* [What to work on]: Once you find the line containing "Трио пианистов Bel", set down exactly that line and every one after it through the end of the listing below, with both ends included and any pictures omitted.

* [Data section]:
↓
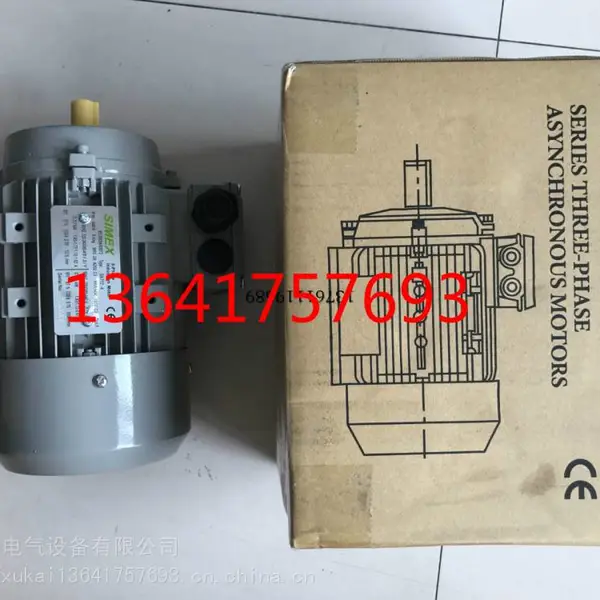 ̨��SIMEX��� SA712-4 0.37KW IMB14 NMRV040 i=15 71B14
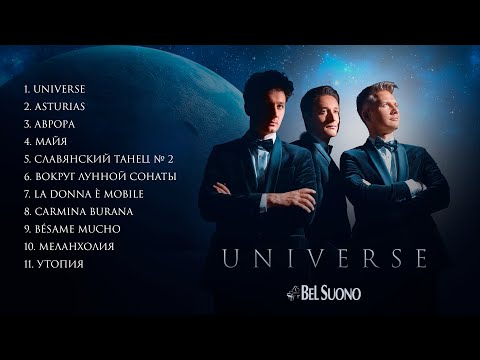 Трио пианистов Bel Suono – Universe | New album 2023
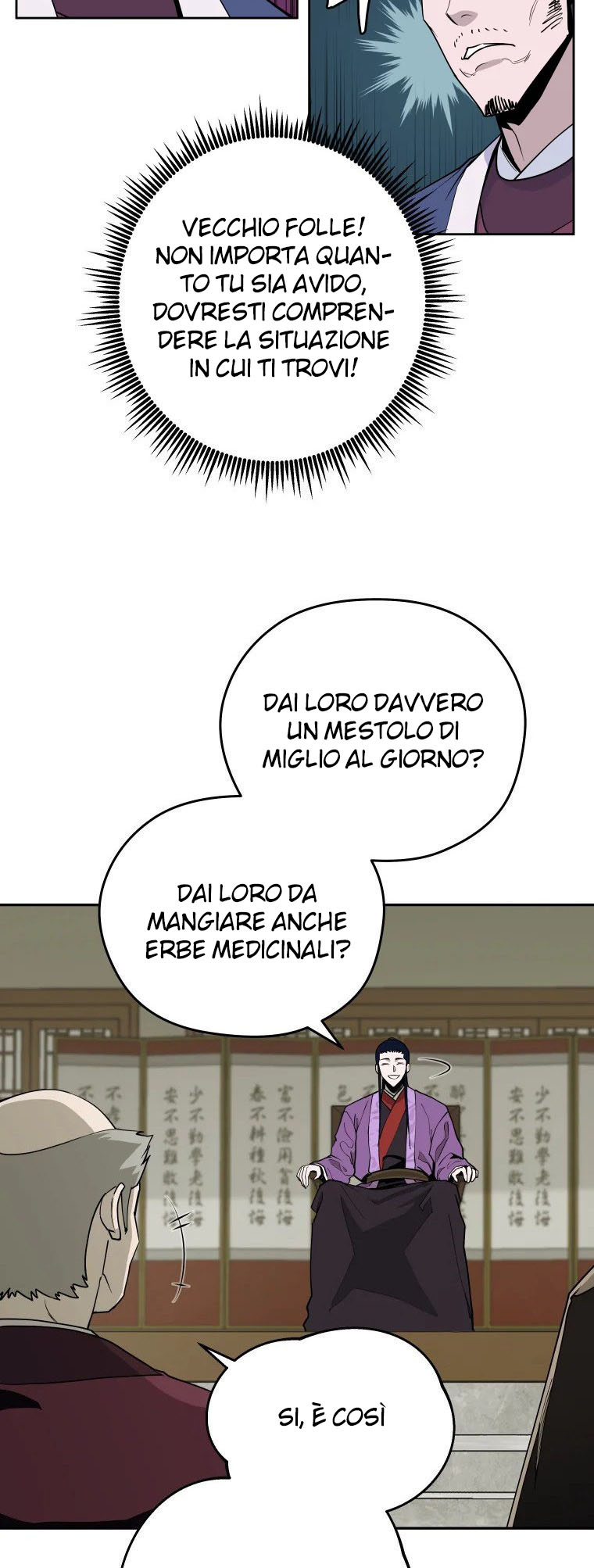 Read Administrator - Kang Jin Lee Manga Online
↑
* [Answer to the exercise]:
 Трио пианистов Bel Suono – Universe | New album 2023
 Read Administrator - Kang Jin Lee Manga Online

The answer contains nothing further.